LOS ANGELES ― Just before he left the field Saturday afternoon, Mookie Betts had a long talk with Eddy Alvarez. Betts was done taking ground balls, something he hasn’t done much of in 2022. Alvarez, who’s started more than 500 games on the infield as a professional, made for a good sounding board.

When Betts returns to the Dodgers either Sunday or Monday ― neither he nor manager Dave Roberts were ready to say before Saturday’s game ― he will play second base. Chris Taylor will stay in right field and Gavin Lux will be the primary left fielder until Betts’ cracked rib is more fully healed. At that point, Betts will return to the position at which he has won four Gold Glove awards.

It’s unclear how long that will take. What’s clear is that Betts has no intention of easing back into the lineup.

“I would like to go straight into playing the field,” he said. “I feel like I can help us defensively. We have some pretty good DHs. Let them do their thing.”
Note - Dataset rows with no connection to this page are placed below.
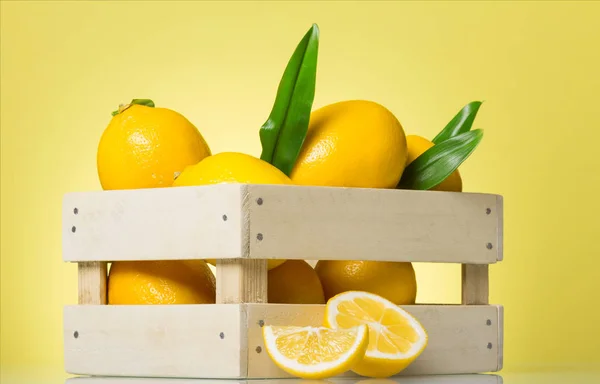 Frische saftige Zitronen in einer Holzkiste auf gelb — Stockfoto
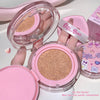 Pink cosmetic compact with beige powder, brand 'Giggle Bear' visible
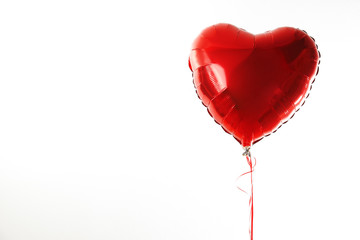 Red heart ballon with red and white strings on white fond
Roberts said he plans to use Betts at or near the top of the lineup in every game between now and the Dodgers’ next off-day, July 11.
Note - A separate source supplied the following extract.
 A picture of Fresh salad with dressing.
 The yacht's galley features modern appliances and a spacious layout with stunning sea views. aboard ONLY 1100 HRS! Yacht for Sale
In 17 games as a leadoff hitter through Friday, Trea Turner had a .355 batting average, .383 on-base percentage, and .579 slugging percentage. Roberts acknowledged for the first time Saturday that displacing Turner might not be worth the benefit of using Betts at the lineup position he’s most familiar with. The manager planned to meet with the two players before Betts returns.

Betts is familiar with second base; the outfield only became his primary domain when he reached Triple-A as a Boston Red Sox minor leaguer. He’s started another 20 games at second base in the majors, including six with the Dodgers.

Betts reported some pain around the affected rib after playing long toss Thursday, and perhaps no position demands long throws more regularly than right field. Betts believes he can benefit from having to cover less ground at second base, too.

“It’s just less running overall,” he said. “People take for granted simply going from the dugout to right field ― you’re running out there, balls in the gap ― it’s a lot less steps. That’s really all it is. Kind of like load management.”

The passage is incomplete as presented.